At the age of 16, Margaret Mullen was pulled from her high school history class to begin her professional stage career in the English melodrama The Ghost Train, when she was asked to go as the female lead, a role she was understudying. She played the role for three months. She then toured with William Hodge's Road Company for 3 years. She appeared on Broadway in seven George Abbott comedies including Ladies' Money, Three Men on a Horse, and Room Service. She took on a more serious role as Kay in Sidney Kingsley's celebrated hit Dead End (1935-36). In 1937 she opened in the Broadway production of Red Harvest and met set designer John Root. On their days off they escaped to Bucks County and soon fell in love with each other and the area. Margaret Mullen Root continued her acting career at the Bucks County Playhouse in New Hope where she appeared in virtually every season and many acclaimed productions from 1947 to 1969. She returned to Broadway in 1965 to appear in Anya. She considered her role in Frank D. Gilroy's The Subject Was Roses (1967), a Bucks County Playhouse production which was staged at the Bucks County Prison as entertainment for the inmates, her most fulfilling and gratifying appearance of her long career.

Education & Community

Margaret Mullen Root and John Root. <em>Bucks County Traveler</em>, July 1957.

Education and Training
Copley Theater, Arlington, Massachusetts, 1924

Teachers and Influences
William Hodge, George Abbott, Thornton Wilder, William Saroyan, Jerome Cowan, Arthur Godfrey, and Shirley Booth.

Connection to Bucks County
Escaping to Bucks County on their days off from the Broadway production Red Harvest, Margaret Mullen and set designer John Root soon fell in love with each other and the area. They married in Doylestown on one of their days off and later settled in Wycombe, Pennsylvania. After Margaret Mullen Root moved permanently to Bucks County in 1946 with her husband, John Root, she became a regular performer at the Bucks County Playhouse.

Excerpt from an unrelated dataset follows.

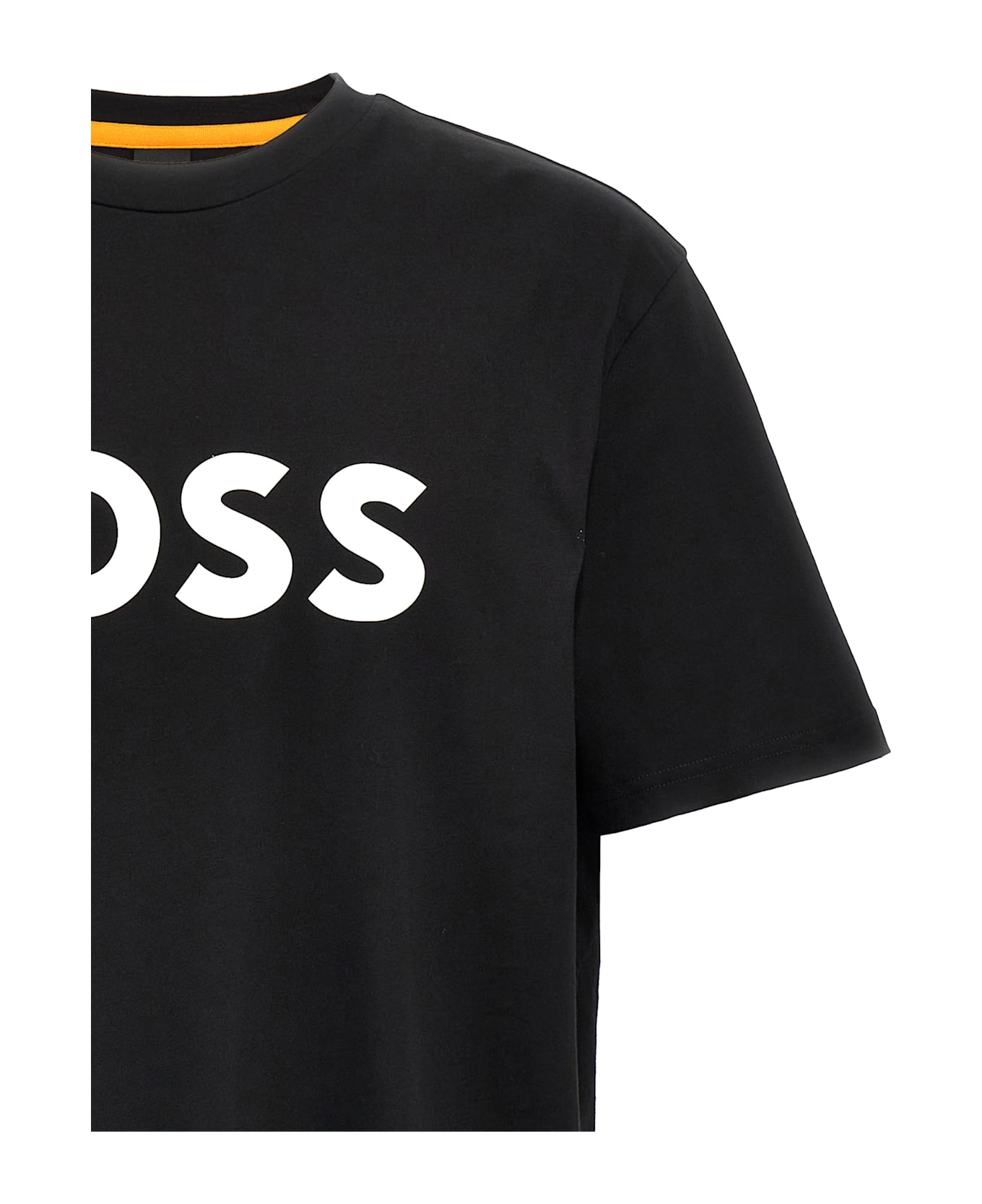 Hugo Boss 'thinking' T-shirt - Black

With a number of Broadway credits under her belt, she charmed the Bucks County theatergoers with her presence in virtually every season from 1947, in The Barretts of Wimpole Street, to 1969, in Macbeth. Her performance in Magnificent Yankee (1956) opposite Jerome Cowan received particular acclaim. Her years there offered her rare and exciting opportunities such as acting on-stage with Thorton Wilder in his Pulitzer Prize winning play The Skin of Our Teeth (1948). She charmed her local audience with her much in-demand poetry readings which she performed around Bucks County.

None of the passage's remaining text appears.